The Studios Investor Rights Agreement provides that (1) for so long as Liberty Global and Discovery and their respective controlled affiliates beneficially own at least 10,000,000 Shares in the aggregate, Studios will include one designee of Liberty Global and one designee of Discovery on its slate of director nominees for election to the board of directors of Studios (the “Studios Board”) at each future annual meeting of Studios’ shareholders and (2) for so long as Liberty Global and Discovery and their respective controlled affiliates beneficially own at least 5,000,000, but less than 10,000,000, Shares in the aggregate, Studios will include one designee of Liberty Global and Discovery, collectively, on its slate of director nominees for election to the Studios Board at each future annual meeting of Studios’ shareholders, selected by (a) Liberty Global, if Liberty Global and its controlled affiliates exceed such 5,000,000-Share threshold but Discovery and its controlled affiliates do not, (b) Discovery, if Discovery and its controlled affiliates exceed such 5,000,000-Share threshold but Liberty Global and its controlled affiliates do not, and (c) Liberty Global and Discovery, jointly, if neither Liberty Global nor Discovery (together with their respective controlled affiliates) exceeds such 5,000,000-Share threshold.
The Studios Investor Rights Agreement further provides that (1) for so long as funds affiliated with MHR beneficially own at least 10,000,000 Shares in the aggregate, Studios will include three designees of MHR (at least one of whom will be an independent director and will be subject to approval of the Studios Board) on its slate of director nominees for election at each future annual meeting of Studios’ shareholders and (2) for so long as funds affiliated with MHR beneficially own at least 5,000,000, but less than 10,000,000, Shares in the aggregate, Studios will include one designee of MHR on its slate of director nominees for election at each future annual meeting of Studios’ shareholders.
Under the Studios Investor Rights Agreement, Studios has also agreed to provide Liberty Global, Discovery and MHR with certain pre-emptive rights on LG Studios Common Shares (or securities that are convertible or exercisable into or exchangeable for LG Studios Common Shares) that Studios may issue in the future for cash consideration.
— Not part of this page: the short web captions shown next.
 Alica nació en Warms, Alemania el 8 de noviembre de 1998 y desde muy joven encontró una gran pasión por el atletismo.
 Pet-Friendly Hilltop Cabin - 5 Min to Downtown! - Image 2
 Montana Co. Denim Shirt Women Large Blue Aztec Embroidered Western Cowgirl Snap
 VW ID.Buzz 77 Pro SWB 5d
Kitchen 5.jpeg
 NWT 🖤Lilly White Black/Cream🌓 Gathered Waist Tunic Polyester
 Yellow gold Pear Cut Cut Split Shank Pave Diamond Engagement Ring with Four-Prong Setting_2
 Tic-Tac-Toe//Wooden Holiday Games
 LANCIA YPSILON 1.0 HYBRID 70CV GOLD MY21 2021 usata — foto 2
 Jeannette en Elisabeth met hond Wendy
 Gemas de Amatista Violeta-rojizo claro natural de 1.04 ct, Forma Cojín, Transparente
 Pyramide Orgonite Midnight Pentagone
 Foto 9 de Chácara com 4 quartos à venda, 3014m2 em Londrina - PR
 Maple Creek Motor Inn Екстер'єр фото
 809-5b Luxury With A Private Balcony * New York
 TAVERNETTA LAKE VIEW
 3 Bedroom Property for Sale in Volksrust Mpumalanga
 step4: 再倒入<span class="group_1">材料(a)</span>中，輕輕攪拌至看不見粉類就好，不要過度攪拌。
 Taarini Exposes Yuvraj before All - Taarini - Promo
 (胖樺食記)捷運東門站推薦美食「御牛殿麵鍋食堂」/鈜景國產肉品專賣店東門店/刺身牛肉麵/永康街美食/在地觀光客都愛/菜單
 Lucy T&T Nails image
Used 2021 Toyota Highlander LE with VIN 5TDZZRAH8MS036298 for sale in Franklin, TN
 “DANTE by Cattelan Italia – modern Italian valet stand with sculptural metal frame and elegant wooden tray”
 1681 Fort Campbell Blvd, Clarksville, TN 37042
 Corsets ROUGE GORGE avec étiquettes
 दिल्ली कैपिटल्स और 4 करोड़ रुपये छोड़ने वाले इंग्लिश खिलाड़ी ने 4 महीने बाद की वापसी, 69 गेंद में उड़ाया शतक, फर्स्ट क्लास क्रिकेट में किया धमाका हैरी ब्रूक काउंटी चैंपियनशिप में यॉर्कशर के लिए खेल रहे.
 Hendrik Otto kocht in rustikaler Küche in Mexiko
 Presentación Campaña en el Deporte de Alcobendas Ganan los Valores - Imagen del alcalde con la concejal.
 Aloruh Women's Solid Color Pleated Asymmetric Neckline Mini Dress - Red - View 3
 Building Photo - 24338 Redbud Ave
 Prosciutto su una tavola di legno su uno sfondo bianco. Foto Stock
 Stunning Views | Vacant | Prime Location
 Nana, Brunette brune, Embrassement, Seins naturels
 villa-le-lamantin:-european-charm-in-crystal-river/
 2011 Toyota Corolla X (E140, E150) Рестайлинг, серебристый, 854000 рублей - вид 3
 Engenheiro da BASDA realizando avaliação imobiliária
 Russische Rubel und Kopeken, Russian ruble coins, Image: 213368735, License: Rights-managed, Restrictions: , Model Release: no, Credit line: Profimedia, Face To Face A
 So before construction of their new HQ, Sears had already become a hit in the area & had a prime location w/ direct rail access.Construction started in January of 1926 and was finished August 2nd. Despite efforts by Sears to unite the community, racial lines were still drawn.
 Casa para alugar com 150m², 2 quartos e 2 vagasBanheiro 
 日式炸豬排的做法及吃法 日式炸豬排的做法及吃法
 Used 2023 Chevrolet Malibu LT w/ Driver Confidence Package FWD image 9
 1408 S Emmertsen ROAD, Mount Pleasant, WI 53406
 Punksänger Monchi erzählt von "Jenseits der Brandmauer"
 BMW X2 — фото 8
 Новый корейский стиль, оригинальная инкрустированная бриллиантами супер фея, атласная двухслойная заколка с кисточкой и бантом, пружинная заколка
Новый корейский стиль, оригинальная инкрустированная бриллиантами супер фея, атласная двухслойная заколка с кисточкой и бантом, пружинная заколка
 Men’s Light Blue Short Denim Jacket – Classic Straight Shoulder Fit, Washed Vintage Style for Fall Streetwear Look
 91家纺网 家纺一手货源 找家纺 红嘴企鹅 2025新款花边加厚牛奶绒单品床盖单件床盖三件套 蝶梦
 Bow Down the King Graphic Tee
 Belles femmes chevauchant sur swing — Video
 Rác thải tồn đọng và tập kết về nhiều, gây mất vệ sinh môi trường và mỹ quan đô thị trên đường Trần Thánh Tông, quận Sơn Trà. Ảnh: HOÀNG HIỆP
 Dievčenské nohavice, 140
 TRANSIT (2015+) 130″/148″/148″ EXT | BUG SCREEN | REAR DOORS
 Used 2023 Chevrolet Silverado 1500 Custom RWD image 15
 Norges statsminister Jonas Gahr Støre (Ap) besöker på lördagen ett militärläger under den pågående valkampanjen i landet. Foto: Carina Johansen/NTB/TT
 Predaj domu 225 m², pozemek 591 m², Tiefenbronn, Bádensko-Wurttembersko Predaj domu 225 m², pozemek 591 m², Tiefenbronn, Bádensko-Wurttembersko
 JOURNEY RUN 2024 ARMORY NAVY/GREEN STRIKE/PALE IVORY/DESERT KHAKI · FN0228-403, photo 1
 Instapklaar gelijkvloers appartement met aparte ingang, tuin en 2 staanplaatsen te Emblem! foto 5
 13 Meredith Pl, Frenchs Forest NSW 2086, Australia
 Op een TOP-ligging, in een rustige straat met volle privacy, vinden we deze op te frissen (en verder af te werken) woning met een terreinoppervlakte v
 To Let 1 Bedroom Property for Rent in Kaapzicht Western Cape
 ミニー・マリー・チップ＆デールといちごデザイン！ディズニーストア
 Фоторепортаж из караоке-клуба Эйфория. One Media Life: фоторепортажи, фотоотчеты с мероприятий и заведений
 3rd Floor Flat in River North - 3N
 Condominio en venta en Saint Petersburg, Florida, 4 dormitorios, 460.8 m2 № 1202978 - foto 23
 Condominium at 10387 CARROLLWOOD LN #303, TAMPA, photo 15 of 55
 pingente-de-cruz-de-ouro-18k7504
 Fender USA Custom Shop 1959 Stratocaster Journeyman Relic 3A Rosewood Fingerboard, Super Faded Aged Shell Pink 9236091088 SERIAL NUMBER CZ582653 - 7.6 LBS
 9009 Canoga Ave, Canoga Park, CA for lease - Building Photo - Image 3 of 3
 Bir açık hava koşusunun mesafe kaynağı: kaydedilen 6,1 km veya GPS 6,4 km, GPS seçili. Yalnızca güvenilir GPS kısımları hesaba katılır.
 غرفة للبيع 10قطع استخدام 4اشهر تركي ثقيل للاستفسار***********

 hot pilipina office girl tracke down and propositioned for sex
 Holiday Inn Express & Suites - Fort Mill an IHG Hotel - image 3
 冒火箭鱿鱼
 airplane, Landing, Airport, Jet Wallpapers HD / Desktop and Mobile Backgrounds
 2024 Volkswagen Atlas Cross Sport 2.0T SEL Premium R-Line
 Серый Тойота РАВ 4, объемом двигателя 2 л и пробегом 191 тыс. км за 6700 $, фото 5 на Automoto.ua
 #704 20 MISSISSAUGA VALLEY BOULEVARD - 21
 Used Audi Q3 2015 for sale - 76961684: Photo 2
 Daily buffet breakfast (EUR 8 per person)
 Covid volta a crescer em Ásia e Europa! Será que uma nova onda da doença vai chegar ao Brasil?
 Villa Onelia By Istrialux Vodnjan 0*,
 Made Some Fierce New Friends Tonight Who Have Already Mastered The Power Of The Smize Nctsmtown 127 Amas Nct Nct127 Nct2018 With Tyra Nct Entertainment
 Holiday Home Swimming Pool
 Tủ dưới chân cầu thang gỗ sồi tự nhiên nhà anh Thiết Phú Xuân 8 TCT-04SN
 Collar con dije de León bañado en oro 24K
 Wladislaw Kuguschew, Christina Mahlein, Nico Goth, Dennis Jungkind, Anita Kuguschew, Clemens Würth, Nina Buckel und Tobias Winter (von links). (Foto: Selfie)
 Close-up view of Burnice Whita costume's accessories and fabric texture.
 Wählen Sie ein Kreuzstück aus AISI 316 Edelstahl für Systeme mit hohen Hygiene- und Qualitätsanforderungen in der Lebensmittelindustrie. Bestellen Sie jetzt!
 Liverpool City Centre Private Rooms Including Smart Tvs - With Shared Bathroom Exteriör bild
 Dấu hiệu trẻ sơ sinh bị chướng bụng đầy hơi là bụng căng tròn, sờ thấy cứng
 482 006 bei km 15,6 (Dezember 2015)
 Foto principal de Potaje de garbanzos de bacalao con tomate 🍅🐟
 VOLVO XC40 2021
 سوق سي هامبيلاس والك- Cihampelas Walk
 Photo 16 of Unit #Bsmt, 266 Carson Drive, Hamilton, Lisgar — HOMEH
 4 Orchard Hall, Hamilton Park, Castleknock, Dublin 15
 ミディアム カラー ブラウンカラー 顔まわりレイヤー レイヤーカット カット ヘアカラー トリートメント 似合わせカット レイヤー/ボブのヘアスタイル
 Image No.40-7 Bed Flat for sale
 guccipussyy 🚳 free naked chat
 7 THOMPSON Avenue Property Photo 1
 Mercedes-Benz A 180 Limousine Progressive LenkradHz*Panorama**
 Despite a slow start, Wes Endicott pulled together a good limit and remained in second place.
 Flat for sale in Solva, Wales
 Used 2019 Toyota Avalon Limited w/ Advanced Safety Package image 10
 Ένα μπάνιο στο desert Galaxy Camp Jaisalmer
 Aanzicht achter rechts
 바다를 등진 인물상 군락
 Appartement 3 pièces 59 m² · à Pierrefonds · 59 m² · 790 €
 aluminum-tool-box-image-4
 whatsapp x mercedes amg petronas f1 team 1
Liberty Global and Discovery have agreed that if they or any of their respective controlled affiliates sell or transfer any LG Studios Common Shares to a shareholder or group of shareholders that beneficially own 5% or more of the LG Studios Common Shares, or that would result in a person or group of persons beneficially owning 5% or more of the LG Studios Common Shares, any such transferee will be required to agree to the transfer and certain other provisions set forth in the Investor Rights Agreement, subject to certain exceptions.
The foregoing description of the Studios Investor Rights Agreement does not purport to be complete and is qualified in its entirety by reference to the full text of the Studios Investor Rights Agreement, which is included as Exhibit 99.2 to this Statement and incorporated herein by reference.
Also in connection with the consummation of the Business Combination, on May 13, 2024, the Issuer, LGEC, Liberty, Liberty Global, MHR, the MHR Funds, Discovery Lightning and Discovery entered into an amendment to the Voting and Standstill Agreement dated November 10, 2015, as previously amended on July 1, 2016 (the “Studios Voting Amendment”).
Pursuant to the Studios Voting Amendment, LGEC agreed to vote its LG Studios Common Shares in favor of the designees of Liberty Global, Discovery and MHR to the board of directors of the Issuer.
The foregoing description of the Studios Voting Amendment does not purport to be complete and is qualified in its entirety by reference to the full text of the Voting and Standstill Agreement, Amendment No. 1 to the Voting and Standstill Agreement and the Studios Voting Amendment, which are included as Exhibits 99.3, 99.4 and 99.5, respectively, to this Statement and incorporated herein by reference.
Registration Rights Agreement
On May 13, 2024, in connection with the consummation of the Business Combination, the Issuer, HoldCo and Eagle Equity Partners V, LLC (“SEAC Sponsor”) and certain of its permitted transferees entered into an amended and restated registration rights agreement, dated as of May 13, 2024 (the “A&R Registration Rights Agreement”), pursuant to which, among other things, the Issuer agreed that, within 30 days after the closing of the Business Combination, the Issuer would file with the SEC a resale registration statement, and the Issuer would use its commercially reasonable efforts to have such resale registration statement declared effective as soon as reasonably practicable after the filing thereof. Such holders party to the A&R Registration Rights Agreement would be entitled to customary piggyback registration rights and demand registration rights.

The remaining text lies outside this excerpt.